The split value is The split value is [-3|1|29x250+46+26|200+300+444|Get] The first split is -3 The second split is 1 The tird split is 29 The fourth split is 250 The fifth split is 46 The sixth split is 26 The seven split is 200 The eight split is 300 The nine split is 444 The tenth split is The split value is The split value is [-3|1|29x250+46+26|200+300+444|Get] The first split is -3 The second split is 1 The tird split is 29 The fourth split is 250 The fifth split is 46 The sixth split is 26 The seven split is 200 The eight split is 300 The nine split is 444 The tenth split is The split value is The split value is [-3|1|29x250+46+26|200+300+444|Get] The first split is -3 The second split is 1 The tird split is 29 The fourth split is 250 The fifth split is 46 The sixth split is 26 The seven split is 200 The eight split is 300 The nine split is 444 The tenth split is

I am not getting the values of Get. Is there another way to do this. Is this the best way. Please suggest.

Replies are listed 'Best First'.
Re: Perl Regex
by hdb (Monsignor) on Oct 10, 2013 at 11:04 UTC

    There are many ways to do this. I would propose a repeated split instead of a regex. First split on ][, then for each of the results split on |, take the fourth element and split that on +. Sounds more complicated than it is:

    use strict; use warnings; use Data::Dumper; my $data = '[-3|1|29x250+46+26|200+300+464|Get][-3|1|29x250+46+26|132+ +100+244|come][-3|1|29x250+46+26|220+124+432|Go]'; my @splitted = map { [ split /\+/, (split /\|/)[3] ] } split /]\[/, $ +data; print Dumper \@splitted;

    As a result you get

    $VAR1 = [ [ '200', '300', '464' ], [ '132', '100', '244' ], [ '220', '124', '432' ] ];

      Using split instead of a regex may result in shorter code in this case, but you'll no longer have strict input validation, and the script will use up more RAM.

      Update: See my longer answer below.

      Thank you hdb, but i need the values in separate variables like $var1 = 200, $var2= 300 and $var3 = 464.How can this be achieved?

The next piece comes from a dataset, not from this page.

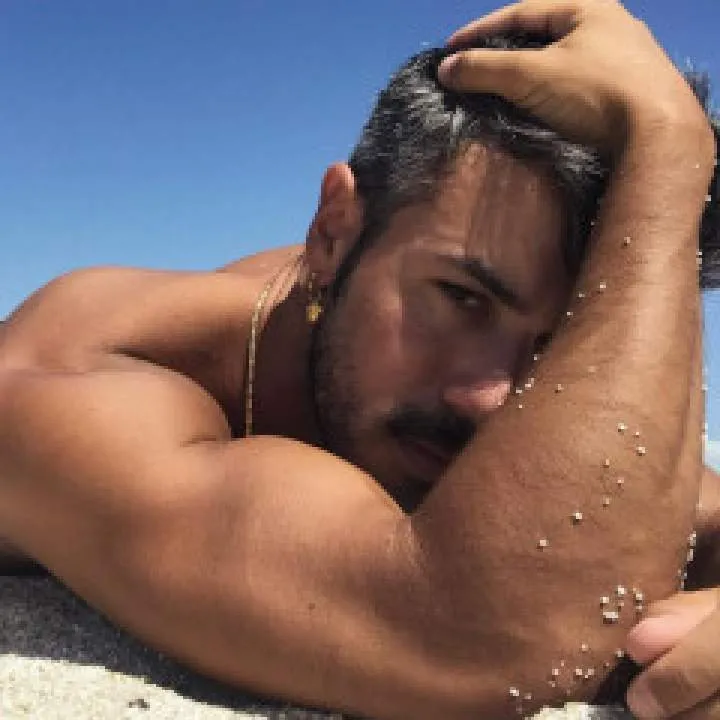 Handsome Suck........ Photo On Jungo Live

      Moreover I also need the "29x250+46+26" values separately. Since I was able to already retrieve them using regex, I asked only about the remaining values that i could not get. Is there a way to write a single regex to obtain all the values. Again, please point me if i am wrong.

      Thanks a lot again.

        If you want to build an expression parser, you want to separate the tokens. If you really, really want to write your tokeniser as a single regular expression, the following might help you:

        #!perl -w use strict; use Data::Dumper; while (<DATA>) { my @tokens= m!\s* ( \d+ # any sequence of digits |[-+x/] # or an operator ) \s* !sxg; print Dumper \@tokens; } __DATA__ --1 300+400x500 3 + 4 x 5

        Note that this tokenizer does not care for signs and also does not care for syntactical/semantical correctness. If you introduce parentheses, you will have to check their matching in the actual parser, and you will also have to deal with unary minus, like "-1" and "+1", which are somewhat different from expressions like "2 - 1" and "2 + 1".

        Update: I now realize that you're trying to tackle this problem in a larger context. I recommend against trying to use one regular expression for the whole task. First extract the formula, then split up the formula into its terms. Do not try to merge the capturing of an unknown number of elements together with the capturing of a known number of elements.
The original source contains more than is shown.